Vento Haragano is one São Paulo’s biggest (and priciest) churrascaria places, this is the Argentinian meat, meat and more meat diet. A veritable stampede of gaucho waiters race around the restaurant toting mighty chunks of meat and flashing sharp knives. You display a little flip card on the table beside your plate and as long as it’s showing green more and more meat will pile up on your plate.
Verissimo is named after the popular Brazilian author Luis Fernando Verissimo, and here it’s the beer which appears in tankard after tankard (chopp is Brazilian draught beer) every time your current glass looks like emptying. The waiter adds another tick on your scorecard with each refill and, as you can see, you get through a bit.

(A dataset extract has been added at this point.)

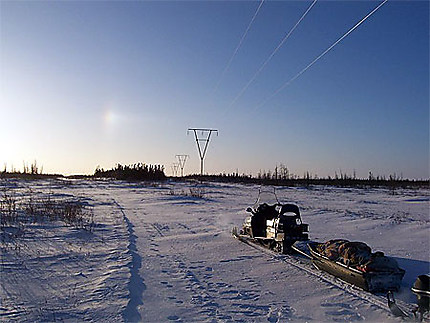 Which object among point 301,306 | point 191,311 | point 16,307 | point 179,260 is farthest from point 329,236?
point 16,307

The restaurant and bar won the the best ‘Petisco’ on the Best Boteco Competition 2009. The champion – according to a website – is the snack called Pirulito de Rabada no Caixote (oxtail meat immersed in a pan with polenta, Tuscan sausage and crispy watercress, accompanied by pickled okra and colored quail egg). It’s served up in a little cabinet, flip open the lid to reveal the oxtails, slide out the drawer for the quail eggs.